Work instructions —
Give the lines again exactly as they appear below, from the line with "this 653×366 image." to the line with "this 640×480 image.", both included, and only those lines. Leave every picture out.

======== Records ========

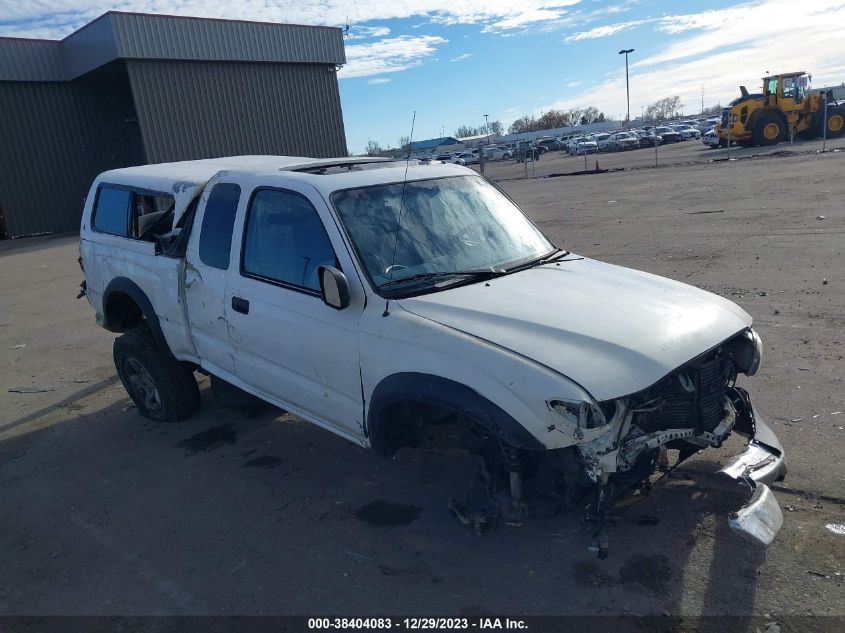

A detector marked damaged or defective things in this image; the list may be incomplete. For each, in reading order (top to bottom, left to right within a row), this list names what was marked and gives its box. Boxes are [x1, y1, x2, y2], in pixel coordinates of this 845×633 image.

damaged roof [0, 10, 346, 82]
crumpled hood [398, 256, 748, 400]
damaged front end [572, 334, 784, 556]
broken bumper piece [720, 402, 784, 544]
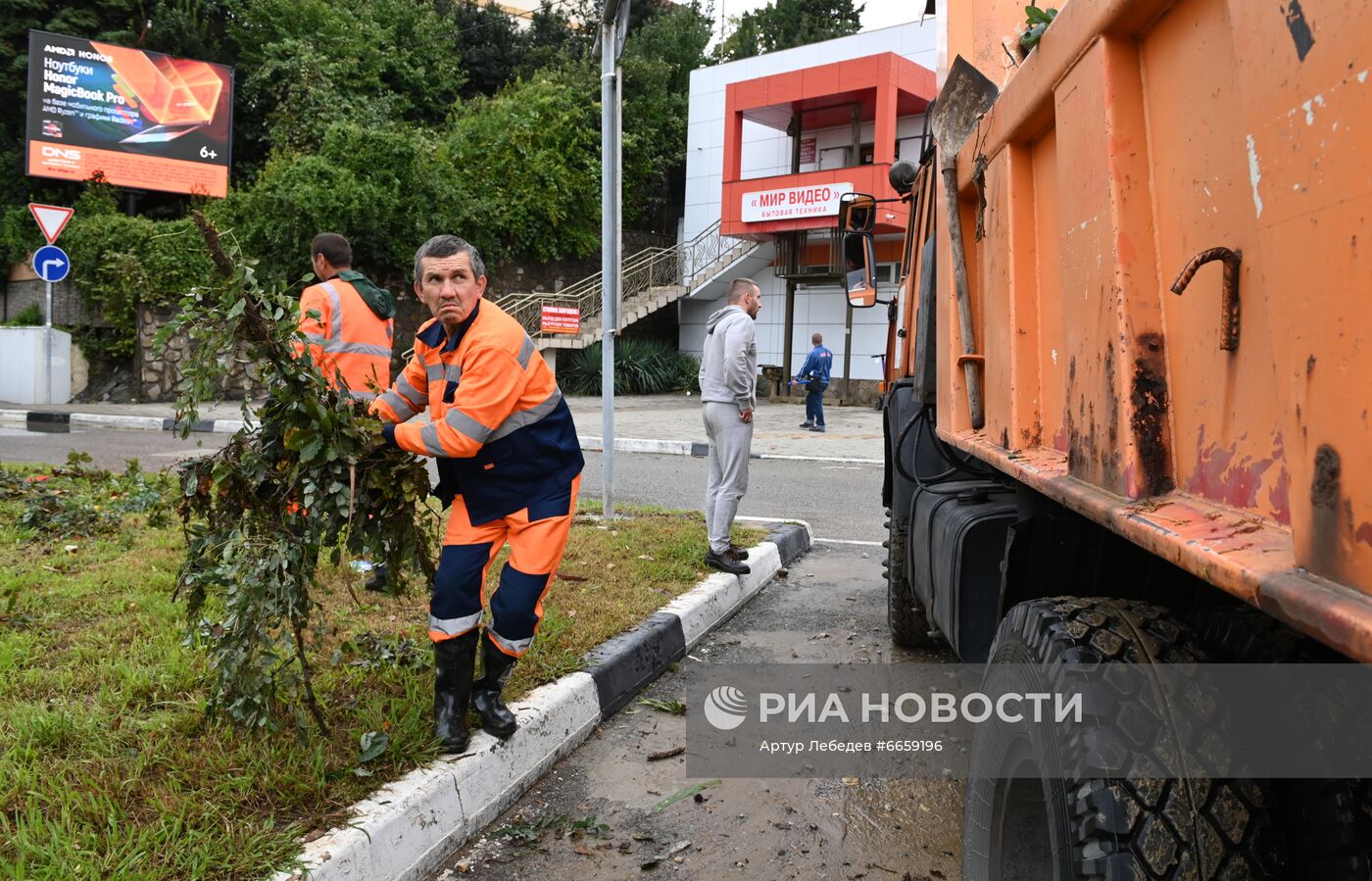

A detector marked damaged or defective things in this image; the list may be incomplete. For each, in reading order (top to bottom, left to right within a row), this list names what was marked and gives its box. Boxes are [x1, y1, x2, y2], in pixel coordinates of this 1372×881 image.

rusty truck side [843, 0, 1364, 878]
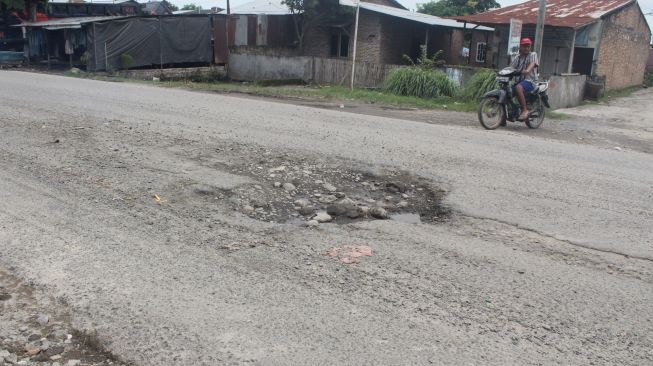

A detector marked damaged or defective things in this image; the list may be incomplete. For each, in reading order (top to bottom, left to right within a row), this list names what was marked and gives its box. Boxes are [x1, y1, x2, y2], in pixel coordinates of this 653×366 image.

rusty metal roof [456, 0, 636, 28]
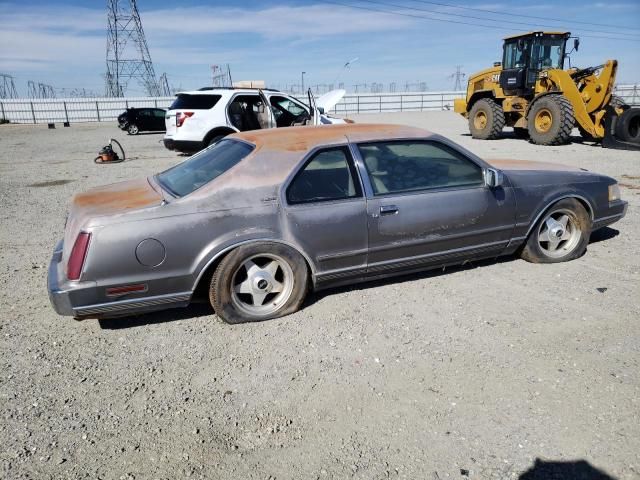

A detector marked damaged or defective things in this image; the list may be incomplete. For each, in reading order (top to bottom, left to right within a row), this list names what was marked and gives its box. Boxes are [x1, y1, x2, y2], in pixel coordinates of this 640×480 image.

========
======== Records ========

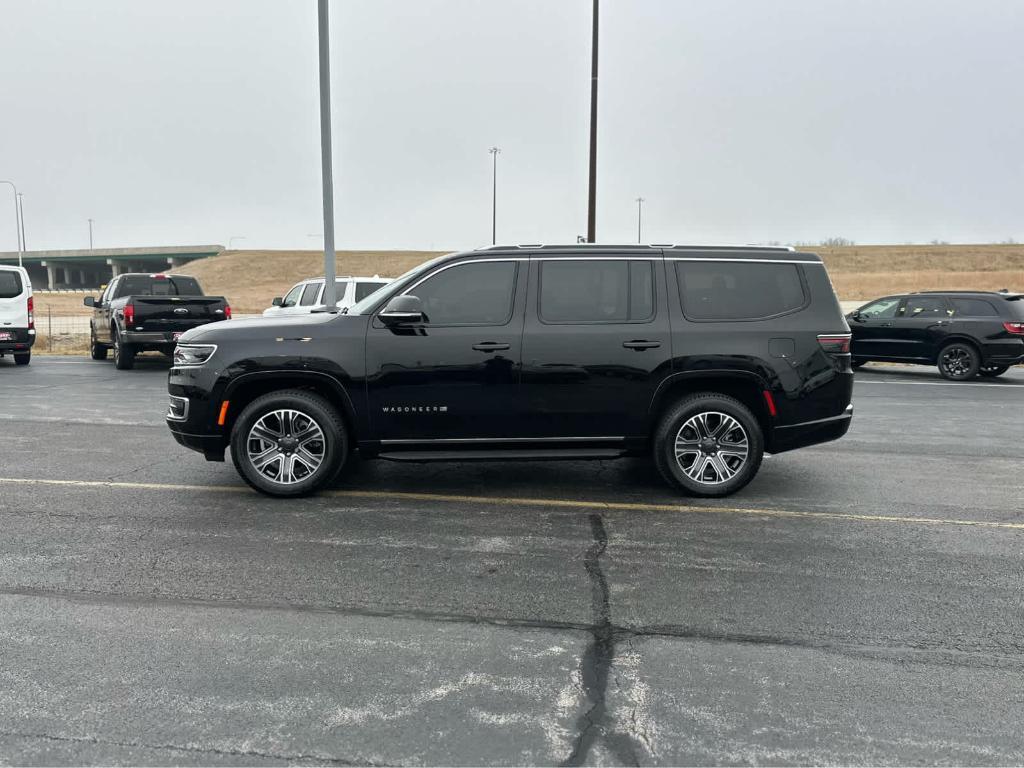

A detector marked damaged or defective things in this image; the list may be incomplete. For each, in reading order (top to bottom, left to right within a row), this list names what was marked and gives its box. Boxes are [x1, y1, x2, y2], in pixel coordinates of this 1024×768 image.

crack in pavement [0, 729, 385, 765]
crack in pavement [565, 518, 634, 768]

========

Response —
A detector marked damaged or defective things in this image; the list may be incomplete. For each, in reading order (top to bottom, left to right within a row), this list names what was marked and gives its box. Boxes are [x1, y1, x2, y2], in pixel coordinates of this 653×366 image.

rusty metal roof [456, 0, 636, 28]

A detector marked damaged or defective things in this image; the list may be incomplete. For each, in reading order (top to bottom, left to right within a row), this list names what was marked and gives its box. Boxes are [x1, y1, x2, y2], in pixel coordinates of this 640×480 image.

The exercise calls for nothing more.